A política e o tempo
Fazer, agir, transformar o mundo: esses verbos são legítimos representantes da dimensão da prática humana, dimensão que nos instala diretamente na temporalidade. Se a nossa "boa alma" (veja o post anterior) se acha comprometida com a transformação da sociedade, latu sensu , desde logo ela passa a ter uma relação especial com o tempo. Ela deixa de ter todo o tempo do mundo, ela tem pressa, urgência, impaciência. Aos poucos a alma boa cria certos esquemas de administração da vida humana que talvez possam apressar e garantir a eqüidade, a justiça, o fim da exploração do homem pelo homem. Ora, ocorre que nesse momento a boa alma sofre a tentação da teoria, a tentação de encontrar algum tipo de verdade sobre a história e a sociedade que cimente e garanta, com alguma cientificidade, as boas razões e fins que santificam os meios.

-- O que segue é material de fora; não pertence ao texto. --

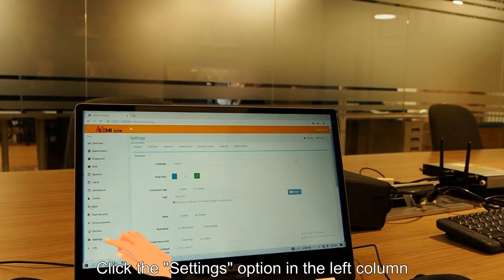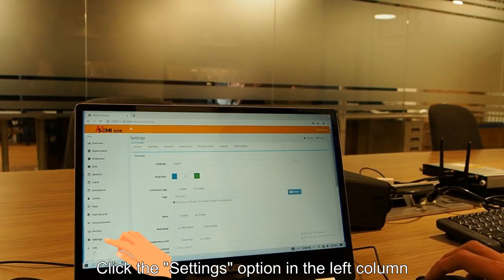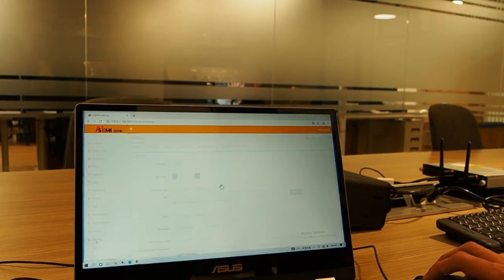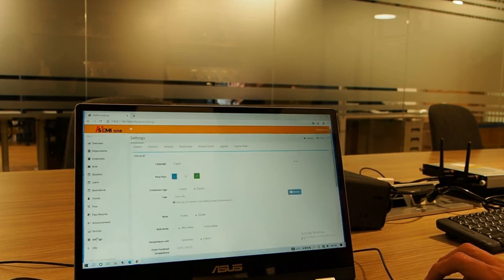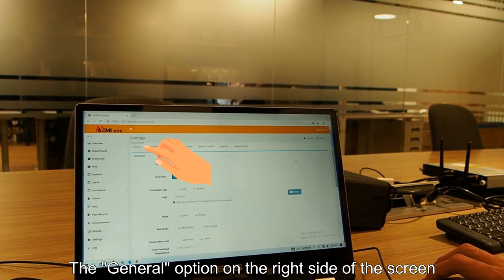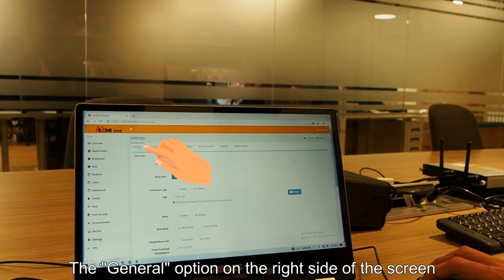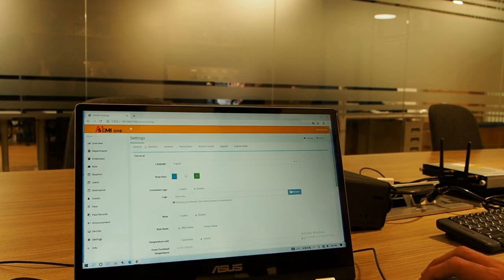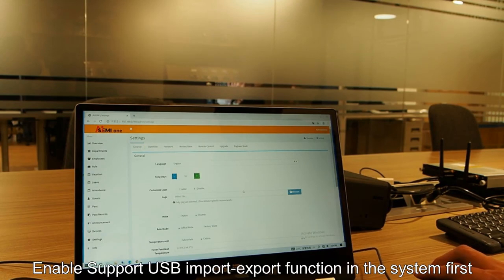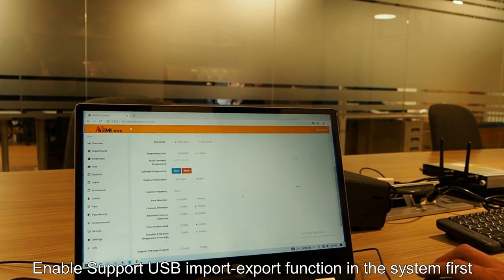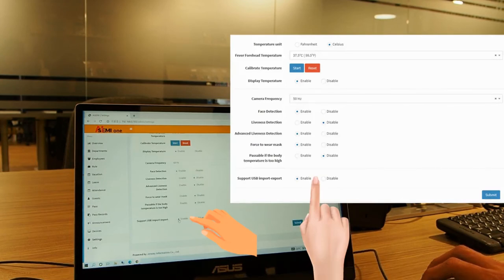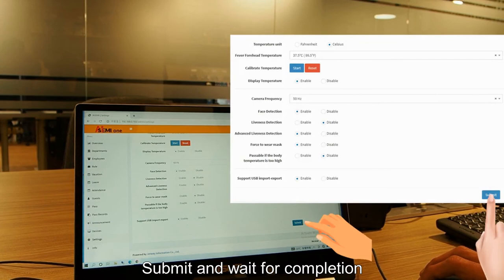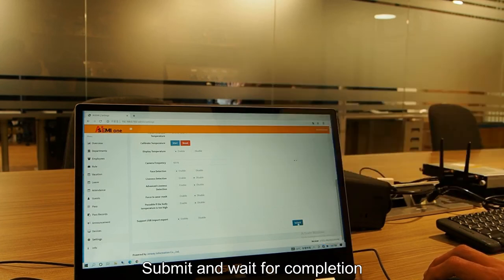Click the settings option in the left column, then the general option on the right side of the screen. Enable support USB import and export function in the system first. Submit and wait for completion.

Surge então um dilema. No domínio das práticas da vida, a temporalidade é uma condição absoluta, é um componente ou constitutivo absoluto, no sentido trivial de que nossas vidas duram: temos fome, sede, tristezas e alegrias dia depois de dia. Para o que importa nos assuntos da prática humana não temos todo o tempo do mundo: temos apenas o tempo que temos, breve, curto, fugaz; o que deixei de dizer hoje para alguém talvez não possa dizer amanhã, o que fiz hoje talvez não possa desfazer amanhã. Corremos contra o tempo, matamos o tempo, não temos tempo e o tempo nos cobra o que fazemos sem ele.
Ora, se no domínio do fazer humano o tempo é um constitutivo absoluto, no domínio do conhecimento as coisas se passam de modo diferente.
Suponhamos que nossa boa alma, depois de muita reflexão (coisa que lhe tomou muito tempo) finalmente nos comunica que compreendeu o mundo, que já possui a teoria correta sobre a história, que já está de posse da crença verdadeira sobre como deve ser organizada a vida dos homens na face da terra. Seu trabalho será, a partir daí, uma questão de conversão de almas, de levar até às outras boas almas a novidade descoberta, que permanecerá, como toda boa verdade, intocada, externa e alheia aos inconvenientes da duração da vida.
Ora, será este um bom modelo para pensarmos a política? Creio que é nesse tipo de problema que Weber está pensando quando insiste na discussão do vício clerical de querer sempre ter razão, vício característico de tantos intelectuais que se metem na política, pensando-a como verdade descoberta (e não construída...), como conversão das almas (e daí os temas correlados, da fé, traição, boas intenções, pureza de princípios ou convicções e a salvação de si mesmo).